内戦の続くアフリカ、独立した旧社会主義国の小さな国々。私なんかよりよっぽど若いプレイヤーが

「子供たちに夢を与えたい」

と、ヨーロッパリーグで活躍する傍ら、祖国を背負う次世代の子供たちのことを語るたび、私は目頭があつくなる。

どんなに荒れている祖国でも、愛している。生まれた国だから、誇りを持っている。

ウクライナのシェフチェンコ。ドイツの主将、旧東ドイツ出身のバラック。どんなに先進国からさげすまれようとも、我が祖国を愛し、「自分もやればできるんだ、そう子供たちに思って欲しい。そのために自分は頑張るのだ」という・・・決して恵まれた環境で育ったわけではないのに、彼らは、祖国が生んだ文化や、自分を育ててくれた両親を育んだその土地を愛している。

代表という対場は非常に重い。

国の代表、学校の代表、いろいろある。代表じゃなくても、私たち一人ひとりが日本人の代表であり、出身校の代表なのだ。

そう思えば、恥ずかしいことはできない。

もちろん、本当に代表に選ばれたら、自分の時間を費やして努力しなければならない。緊張もする。責任もある。うまくいかなければ叩かれる。いいことなんか、何もないような気がする。それでも、サッカー選手たちは、黙々と祖国への勝利のために努力する。
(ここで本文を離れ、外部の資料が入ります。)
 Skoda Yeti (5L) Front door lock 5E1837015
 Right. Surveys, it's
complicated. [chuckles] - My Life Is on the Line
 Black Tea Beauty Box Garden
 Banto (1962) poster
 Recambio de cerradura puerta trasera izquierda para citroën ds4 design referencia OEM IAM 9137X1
なぜ、あんなにもひたむきになれるのだろう・・・おそらく、代表に選ばれたという「誇り」の力ではないだろうか。彼らは、誇りを胸に、困難を乗り越えたとき、自分がどれほど成長するかを知っている。そして、自分が周囲に「希望」を与える存在になれることも知っている。
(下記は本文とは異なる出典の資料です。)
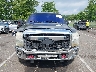 1FT8W3BT3CE****** Wrecked 2012 Ford F-350 in New Jersey State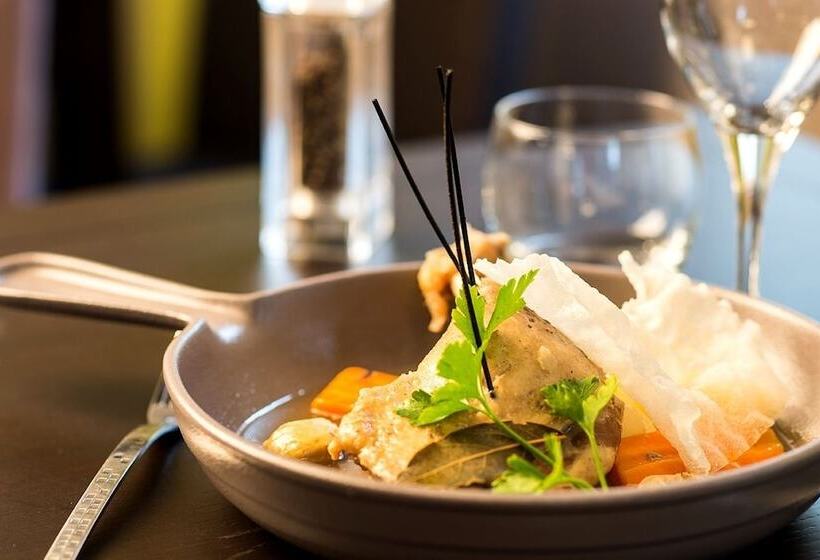 ホテル Le Tisseur Des Saveurs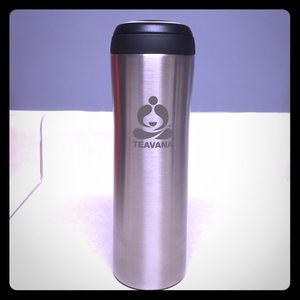 Sale ❤️ Teavana EUC loose leaf tea travel mug
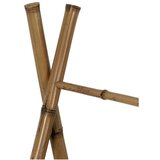 Ixia Od bambusa regal u prirodnoj boji 78x165x40 cm Manali – | shoptok.hr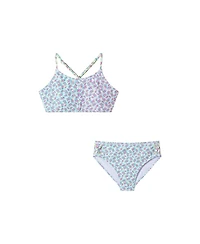 Toddler/Child Girls Floral Print Tankini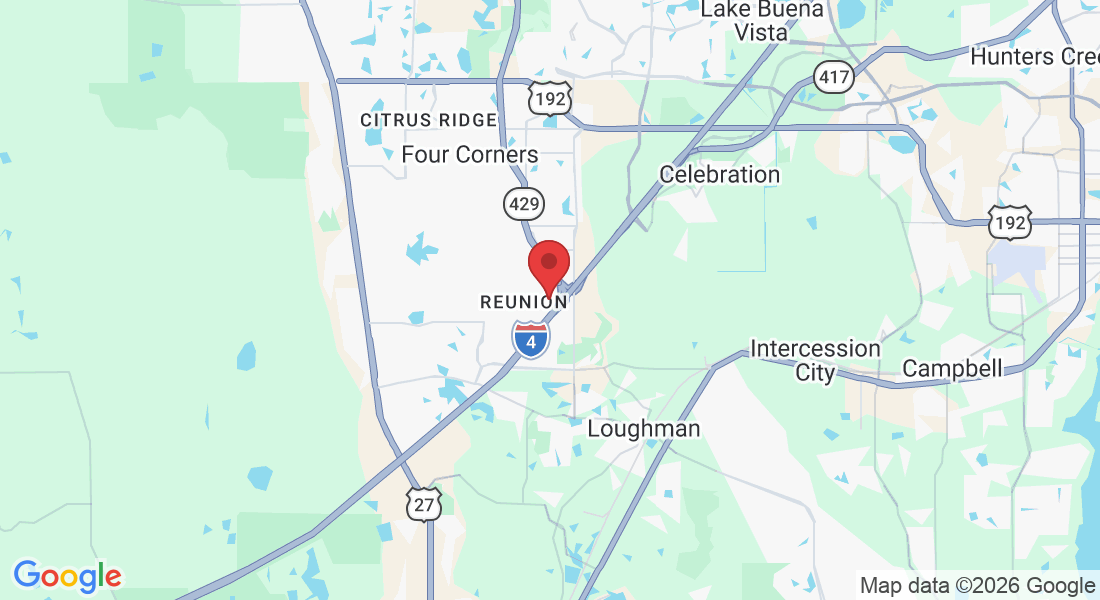 Golden Bear Dr, Four Corners, FL 34747, USA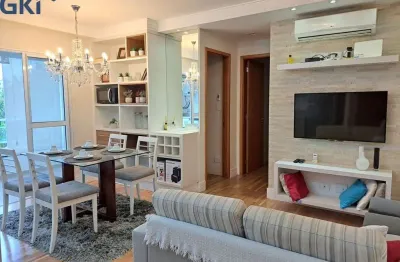 Apartamento com 2 quartos para alugar na Rua Caramuru, 1099, Saúde, São Paulo
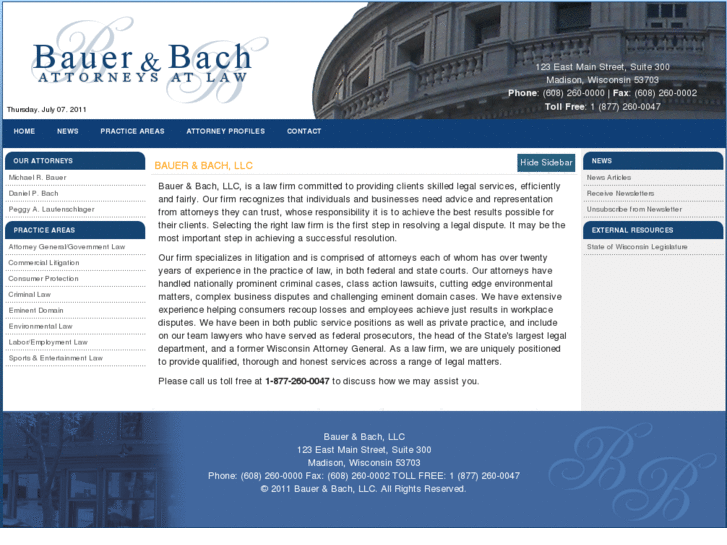 www.bauer-bach.com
つらいこと、たいへんなことを乗り越えたときに、人間は成長する。

ワールドカップの裏にある、若き勇士たちの姿に、自分の子供の姿を重ねずにはいられない。代表になるということは、名誉なことだ。そして名誉はお金では買えない。努力だけでも手に入らない。それほど貴重なものである。

国の代表じゃなくても、学校の代表だってすごいことだ。

大変だということは分かっているよ。でも、今年も英語のスピーチ、がんばってみてよ、オサム。それを断るってのは、日本代表サッカー選手に選ばれたけど辞退するのと根本的には同じことだと私は思うよ。断ってラクをするのと、引き受けて、頑張るのと、どちらが「オトコ」らしいか?
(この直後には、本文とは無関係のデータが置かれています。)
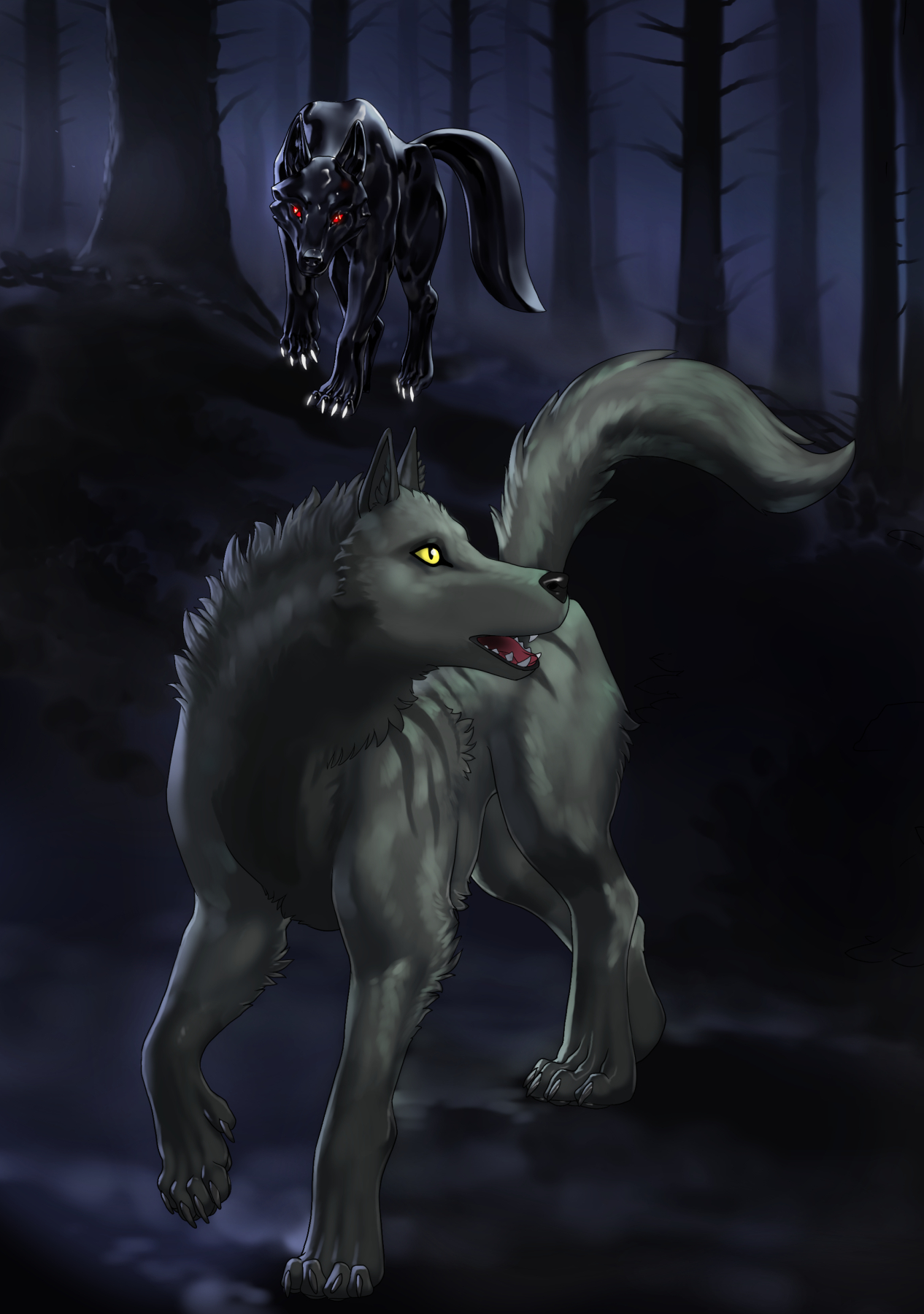 (tanraak) CONSUMED {6}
帰国子女でもなく、英語を習いにいっているわけでもないオサムが「是非学校の代表としてがんばれ!」って言われて出場すれば、きっと後輩たちだって「俺だってやればオサム先輩みたくなれるかもしれねぇ!」って希望を持てるじゃない。ってことはシェフチェンコと同じじゃない!!イイ男になるためにも、「代表」という経験は、積めるときにつんでおくべきだと私は思う。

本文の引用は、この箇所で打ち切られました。